By their “ordeal,” she left me in no doubt that she was referring not to Füsun’s love for me, or the debacle of the university exam: It was clear from her eyes that the heart of the crisis was Füsun’s having slept with me before marriage, and now she took evident pleasure in holding me to account. Only by marrying at once could Füsun save herself from this stain, and, of course, I was responsible for this, too!

“We know-we all know-that Feridun has no real prospects, that he is in no position to give her a good life. But he’s Füsun’s husband!” said Aunt Nesibe. “He wants to make his wife a movie star. He’s an honest and well-meaning boy! If you love my daughter, you’ll help them. We thought it would be better to marry Füsun to Feridun than to some rich old goat who would look down on her because of her stained virtue.
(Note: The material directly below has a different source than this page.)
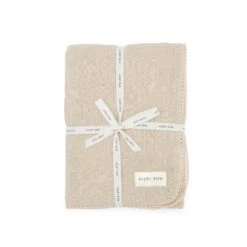 Embroidered Muslin Blanket - Grasslands, Milky White W/ Lace Trim - Organic Cotton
The boy will introduce her to film people. And you, Kemal, you can protect her.”

“Of course, Aunt Nesibe.”

If she knew that her mother had been spilling family secrets, Füsun would punish us severely (Aunt Nesibe smiled faintly, as if only slightly exaggerating). “Of course, Füsun was deeply affected by the news that you had broken off your engagement to Sibel, just as she was sorry to hear that you had suffered so much, Kemal. This film-loving boy she has married has a heart of gold, but it won’t be long before Füsun sees how inept he is, and when she does, she’ll leave him… Until then, you can be at her side, bolstering her confidence.”

“All I want, Aunt Nesibe, is to repair the damage I’ve done, the heartbreak. Please help me win Füsun back,” I said, taking out the box with my father’s earrings and giving it to her. “This is for Füsun,” I said.